TASK DIRECTIONS ::
Every line below should be copied exactly; drop the pictures.

DATA BELOW ::
* * *

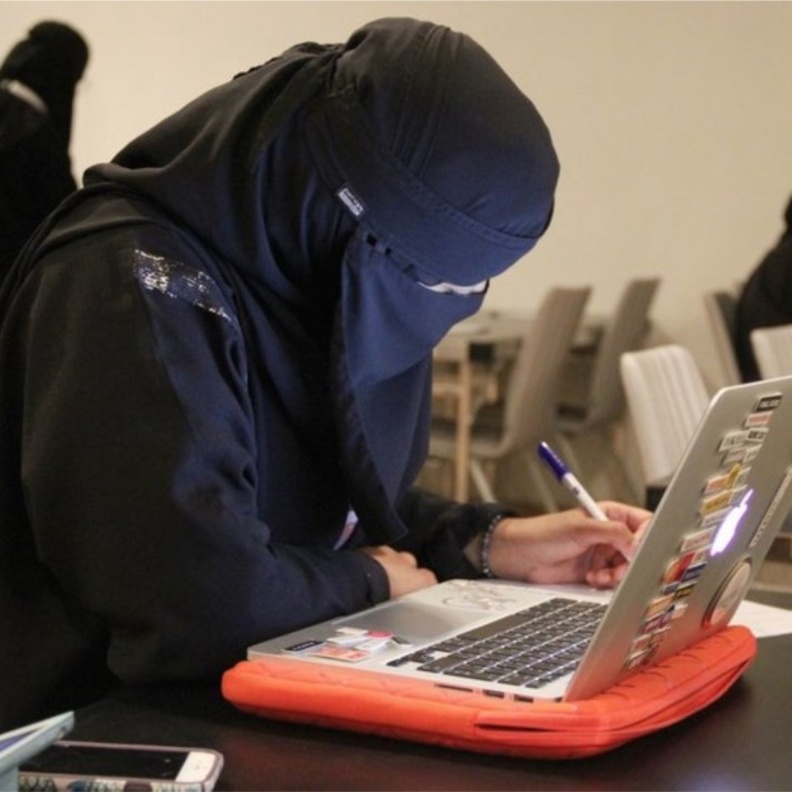 ماراثون الترجمة يجذب السيدات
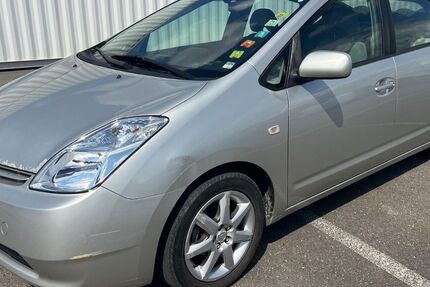 Toyota Prius 290.000 km 2.290 &euro; Berlin 12057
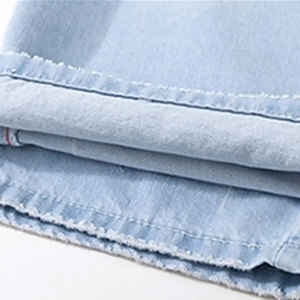 กางเกงยีนส์ขาสั้นแบบลำลองของผู้ชายทำจากผ้าฝ้าย100% ปิดบินมีซิปสีทึบสไตล์ใหม่ทำตามสั่ง - Product Image 4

* * *

WRITTEN REPLY ::
 ماراثون الترجمة يجذب السيدات
 Toyota Prius 290.000 km 2.290 &euro; Berlin 12057
 กางเกงยีนส์ขาสั้นแบบลำลองของผู้ชายทำจากผ้าฝ้าย100% ปิดบินมีซิปสีทึบสไตล์ใหม่ทำตามสั่ง - Product Image 4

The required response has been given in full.